Hutchins points out that the proposed Storm practice facility will be adjacent to a planned new light rail station at Interbay, which raises questions about whether the whole area should be opened to new uses. According to a Sound Transit spokeswoman, most of the potential alignments for a planned light-rail extension to Ballard would pass through land inside the overall area the city has identified as “eligible” for a sports facility, but because “the property requirements haven’t been finalized yet,” the agency doesn’t know if it would need any or all of the property where the Storm plans to build its practice facility.

3 thoughts on “Council Fast-Tracks Interbay Storm Practice Facility, Contradicting Brand-New Industrial Lands Policy”

  1. I really want to thank Mayor Durkan for showing us all that the entire Industrial Lands process was a complete farce.

    I especially want to thank her for showing that we really *should* allow more uses in industrial areas.
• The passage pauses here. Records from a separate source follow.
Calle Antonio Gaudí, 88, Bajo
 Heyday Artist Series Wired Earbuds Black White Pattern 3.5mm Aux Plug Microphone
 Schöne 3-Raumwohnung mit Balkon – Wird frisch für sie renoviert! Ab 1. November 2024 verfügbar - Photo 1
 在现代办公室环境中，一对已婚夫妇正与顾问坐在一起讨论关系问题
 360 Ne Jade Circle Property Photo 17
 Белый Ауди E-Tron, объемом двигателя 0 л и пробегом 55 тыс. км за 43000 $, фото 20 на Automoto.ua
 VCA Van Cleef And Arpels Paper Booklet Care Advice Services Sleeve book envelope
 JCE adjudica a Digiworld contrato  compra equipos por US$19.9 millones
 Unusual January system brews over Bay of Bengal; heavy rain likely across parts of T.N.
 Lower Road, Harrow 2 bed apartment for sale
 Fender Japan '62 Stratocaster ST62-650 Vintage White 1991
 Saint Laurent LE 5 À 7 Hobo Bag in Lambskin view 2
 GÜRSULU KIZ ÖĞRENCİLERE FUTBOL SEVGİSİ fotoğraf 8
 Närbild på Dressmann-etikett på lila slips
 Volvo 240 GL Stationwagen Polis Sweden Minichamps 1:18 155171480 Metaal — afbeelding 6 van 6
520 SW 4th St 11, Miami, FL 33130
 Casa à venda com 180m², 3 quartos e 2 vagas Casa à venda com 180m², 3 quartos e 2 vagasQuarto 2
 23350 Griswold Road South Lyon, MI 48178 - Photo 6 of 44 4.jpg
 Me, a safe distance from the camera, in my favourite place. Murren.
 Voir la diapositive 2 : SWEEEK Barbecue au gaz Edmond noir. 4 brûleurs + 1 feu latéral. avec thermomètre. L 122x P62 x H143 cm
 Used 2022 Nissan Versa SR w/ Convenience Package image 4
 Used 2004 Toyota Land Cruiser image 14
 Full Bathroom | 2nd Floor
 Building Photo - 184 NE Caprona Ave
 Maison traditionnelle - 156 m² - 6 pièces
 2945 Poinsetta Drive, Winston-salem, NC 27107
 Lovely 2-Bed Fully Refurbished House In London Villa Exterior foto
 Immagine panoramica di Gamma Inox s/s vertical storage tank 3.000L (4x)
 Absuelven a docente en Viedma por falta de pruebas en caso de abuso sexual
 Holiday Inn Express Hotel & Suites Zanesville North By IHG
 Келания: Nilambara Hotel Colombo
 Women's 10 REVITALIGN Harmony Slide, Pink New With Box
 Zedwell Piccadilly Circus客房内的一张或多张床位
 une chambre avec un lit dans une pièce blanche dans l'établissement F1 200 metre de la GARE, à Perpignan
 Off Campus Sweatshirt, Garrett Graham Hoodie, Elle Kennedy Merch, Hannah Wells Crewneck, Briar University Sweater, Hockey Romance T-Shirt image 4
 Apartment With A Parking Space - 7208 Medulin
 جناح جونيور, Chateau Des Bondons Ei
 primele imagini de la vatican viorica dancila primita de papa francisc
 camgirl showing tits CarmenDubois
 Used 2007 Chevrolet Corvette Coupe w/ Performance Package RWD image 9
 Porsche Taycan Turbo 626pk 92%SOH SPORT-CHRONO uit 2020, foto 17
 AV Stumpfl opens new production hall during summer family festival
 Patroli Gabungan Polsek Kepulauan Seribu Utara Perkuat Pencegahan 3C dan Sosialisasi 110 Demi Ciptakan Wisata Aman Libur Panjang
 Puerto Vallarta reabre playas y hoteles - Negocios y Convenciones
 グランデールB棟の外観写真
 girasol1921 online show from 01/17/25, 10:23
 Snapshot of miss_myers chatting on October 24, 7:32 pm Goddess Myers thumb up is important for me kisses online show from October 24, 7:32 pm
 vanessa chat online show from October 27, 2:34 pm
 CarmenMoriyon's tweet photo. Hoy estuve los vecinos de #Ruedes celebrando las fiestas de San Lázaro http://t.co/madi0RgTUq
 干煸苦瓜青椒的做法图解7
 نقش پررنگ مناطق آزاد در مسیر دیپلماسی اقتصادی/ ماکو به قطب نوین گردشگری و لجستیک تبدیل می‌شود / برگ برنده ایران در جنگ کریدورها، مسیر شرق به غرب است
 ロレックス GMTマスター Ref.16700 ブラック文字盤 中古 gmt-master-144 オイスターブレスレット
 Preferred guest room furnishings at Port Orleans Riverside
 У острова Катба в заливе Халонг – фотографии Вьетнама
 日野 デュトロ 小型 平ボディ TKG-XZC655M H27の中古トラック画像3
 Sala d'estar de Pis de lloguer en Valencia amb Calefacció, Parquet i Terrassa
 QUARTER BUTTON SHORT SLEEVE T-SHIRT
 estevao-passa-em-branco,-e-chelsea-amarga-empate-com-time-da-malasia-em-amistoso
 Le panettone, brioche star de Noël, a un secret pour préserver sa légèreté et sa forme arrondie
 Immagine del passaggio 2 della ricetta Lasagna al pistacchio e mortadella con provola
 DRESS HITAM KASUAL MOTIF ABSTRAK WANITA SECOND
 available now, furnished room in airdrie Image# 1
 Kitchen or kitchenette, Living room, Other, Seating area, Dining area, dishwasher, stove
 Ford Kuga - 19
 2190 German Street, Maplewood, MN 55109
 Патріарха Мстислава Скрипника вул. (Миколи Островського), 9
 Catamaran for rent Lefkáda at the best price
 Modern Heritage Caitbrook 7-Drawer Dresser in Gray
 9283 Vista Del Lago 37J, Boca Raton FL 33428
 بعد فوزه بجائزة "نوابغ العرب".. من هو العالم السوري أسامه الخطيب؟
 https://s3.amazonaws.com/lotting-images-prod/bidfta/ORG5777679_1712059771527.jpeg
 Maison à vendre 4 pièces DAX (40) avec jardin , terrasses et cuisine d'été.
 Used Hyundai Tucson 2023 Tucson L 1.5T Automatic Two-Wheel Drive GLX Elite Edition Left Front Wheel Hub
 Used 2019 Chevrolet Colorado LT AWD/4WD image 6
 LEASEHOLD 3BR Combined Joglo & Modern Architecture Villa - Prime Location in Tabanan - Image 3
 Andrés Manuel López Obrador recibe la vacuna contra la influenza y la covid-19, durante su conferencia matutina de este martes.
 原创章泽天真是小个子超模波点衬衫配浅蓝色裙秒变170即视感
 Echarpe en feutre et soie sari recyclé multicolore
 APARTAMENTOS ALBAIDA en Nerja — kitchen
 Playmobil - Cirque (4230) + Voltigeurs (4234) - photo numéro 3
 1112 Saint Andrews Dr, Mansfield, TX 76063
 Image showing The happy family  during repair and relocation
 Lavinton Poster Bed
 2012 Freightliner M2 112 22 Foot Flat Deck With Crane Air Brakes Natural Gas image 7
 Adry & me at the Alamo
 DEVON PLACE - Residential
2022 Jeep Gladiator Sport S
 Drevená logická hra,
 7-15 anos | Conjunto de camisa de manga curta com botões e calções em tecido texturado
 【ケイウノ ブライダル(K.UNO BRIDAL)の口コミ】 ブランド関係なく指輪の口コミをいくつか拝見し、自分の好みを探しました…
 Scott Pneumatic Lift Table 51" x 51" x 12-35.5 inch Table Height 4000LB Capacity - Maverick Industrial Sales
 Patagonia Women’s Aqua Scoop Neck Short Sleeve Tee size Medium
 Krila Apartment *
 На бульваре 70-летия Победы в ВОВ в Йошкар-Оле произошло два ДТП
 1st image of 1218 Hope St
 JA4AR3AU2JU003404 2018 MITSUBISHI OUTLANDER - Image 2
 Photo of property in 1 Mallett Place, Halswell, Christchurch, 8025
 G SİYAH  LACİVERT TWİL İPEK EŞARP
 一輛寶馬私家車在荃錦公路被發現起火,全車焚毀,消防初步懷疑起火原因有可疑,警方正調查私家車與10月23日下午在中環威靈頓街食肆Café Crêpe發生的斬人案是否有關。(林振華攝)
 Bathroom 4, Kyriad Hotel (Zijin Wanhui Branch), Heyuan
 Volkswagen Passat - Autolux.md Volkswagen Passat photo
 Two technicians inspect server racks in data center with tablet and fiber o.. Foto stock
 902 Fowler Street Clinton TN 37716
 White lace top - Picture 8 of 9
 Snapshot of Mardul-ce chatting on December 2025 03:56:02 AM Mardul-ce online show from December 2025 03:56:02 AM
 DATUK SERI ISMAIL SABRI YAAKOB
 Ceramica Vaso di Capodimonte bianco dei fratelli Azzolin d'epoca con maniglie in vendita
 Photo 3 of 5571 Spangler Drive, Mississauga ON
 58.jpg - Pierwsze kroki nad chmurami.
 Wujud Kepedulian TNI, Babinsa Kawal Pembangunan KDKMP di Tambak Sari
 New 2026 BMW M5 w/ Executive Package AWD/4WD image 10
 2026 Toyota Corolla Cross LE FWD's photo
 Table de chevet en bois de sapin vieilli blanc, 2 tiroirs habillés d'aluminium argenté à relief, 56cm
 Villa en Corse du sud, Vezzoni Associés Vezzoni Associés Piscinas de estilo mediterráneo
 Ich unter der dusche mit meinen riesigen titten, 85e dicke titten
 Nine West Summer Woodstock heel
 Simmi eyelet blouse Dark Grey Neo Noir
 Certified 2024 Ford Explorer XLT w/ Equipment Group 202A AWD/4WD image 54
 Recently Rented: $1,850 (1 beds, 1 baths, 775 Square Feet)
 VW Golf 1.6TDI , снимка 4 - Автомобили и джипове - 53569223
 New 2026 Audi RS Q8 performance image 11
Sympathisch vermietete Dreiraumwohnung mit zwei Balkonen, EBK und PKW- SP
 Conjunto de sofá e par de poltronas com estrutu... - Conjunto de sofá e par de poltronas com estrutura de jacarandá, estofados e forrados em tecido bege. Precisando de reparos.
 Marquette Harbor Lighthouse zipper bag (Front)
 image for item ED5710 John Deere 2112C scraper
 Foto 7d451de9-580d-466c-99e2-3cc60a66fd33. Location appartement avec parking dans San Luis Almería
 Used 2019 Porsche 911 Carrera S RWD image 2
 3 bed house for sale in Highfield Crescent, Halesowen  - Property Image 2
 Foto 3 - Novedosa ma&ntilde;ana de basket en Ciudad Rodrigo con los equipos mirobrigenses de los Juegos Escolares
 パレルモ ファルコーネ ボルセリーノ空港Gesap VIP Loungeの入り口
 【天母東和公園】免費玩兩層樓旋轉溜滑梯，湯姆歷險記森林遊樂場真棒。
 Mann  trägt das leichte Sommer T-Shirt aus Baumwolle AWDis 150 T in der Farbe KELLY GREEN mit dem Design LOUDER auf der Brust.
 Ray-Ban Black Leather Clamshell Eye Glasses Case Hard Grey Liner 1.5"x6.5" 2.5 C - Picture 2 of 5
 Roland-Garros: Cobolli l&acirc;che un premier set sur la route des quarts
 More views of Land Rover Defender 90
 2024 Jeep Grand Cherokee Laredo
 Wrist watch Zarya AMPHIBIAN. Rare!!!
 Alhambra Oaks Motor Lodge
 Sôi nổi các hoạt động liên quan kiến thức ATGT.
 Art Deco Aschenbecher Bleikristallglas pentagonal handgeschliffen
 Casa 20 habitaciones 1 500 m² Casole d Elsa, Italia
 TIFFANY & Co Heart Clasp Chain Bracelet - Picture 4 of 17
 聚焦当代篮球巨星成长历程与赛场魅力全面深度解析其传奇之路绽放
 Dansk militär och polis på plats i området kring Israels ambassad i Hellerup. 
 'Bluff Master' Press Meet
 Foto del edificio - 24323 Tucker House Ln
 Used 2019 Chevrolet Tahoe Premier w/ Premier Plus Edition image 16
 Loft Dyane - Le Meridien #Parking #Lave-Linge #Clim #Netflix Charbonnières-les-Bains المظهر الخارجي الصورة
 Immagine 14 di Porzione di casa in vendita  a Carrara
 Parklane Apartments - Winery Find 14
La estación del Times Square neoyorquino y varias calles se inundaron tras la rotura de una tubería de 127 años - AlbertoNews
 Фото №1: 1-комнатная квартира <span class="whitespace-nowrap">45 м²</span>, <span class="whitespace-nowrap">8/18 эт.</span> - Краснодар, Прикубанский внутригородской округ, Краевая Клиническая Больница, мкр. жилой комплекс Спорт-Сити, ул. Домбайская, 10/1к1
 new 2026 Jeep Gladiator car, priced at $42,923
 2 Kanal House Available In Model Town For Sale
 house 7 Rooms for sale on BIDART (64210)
Preserving industrial land doesn’t preserve industrial jobs – especially when those lands become storage facilities – or sports practice facilities – largely with low number and lower wage staffing.

    Productive Cities are a means of looking at combining industrial and non-industrial facilities and harnessing those synergies… Housing over distribution centers or warehouses, with free heat supplying the residents, and the large roofs turning into green space and PVs that reduce resident electrical consumption – like this project underway outside of Brussels: https://www.bogdanvanbroeck.com/projects/novacity/.

    Or a large brewery, surrounded by multifamily and single family houses, like our former neighborhood in Bayern.

    This is how we tackle climate change – and maximize our investments in light rail. It’s really unfortunate we’ve had a visionless mayor for the last 4 years. We really could have used someone with the insights of Anne Hidalgo.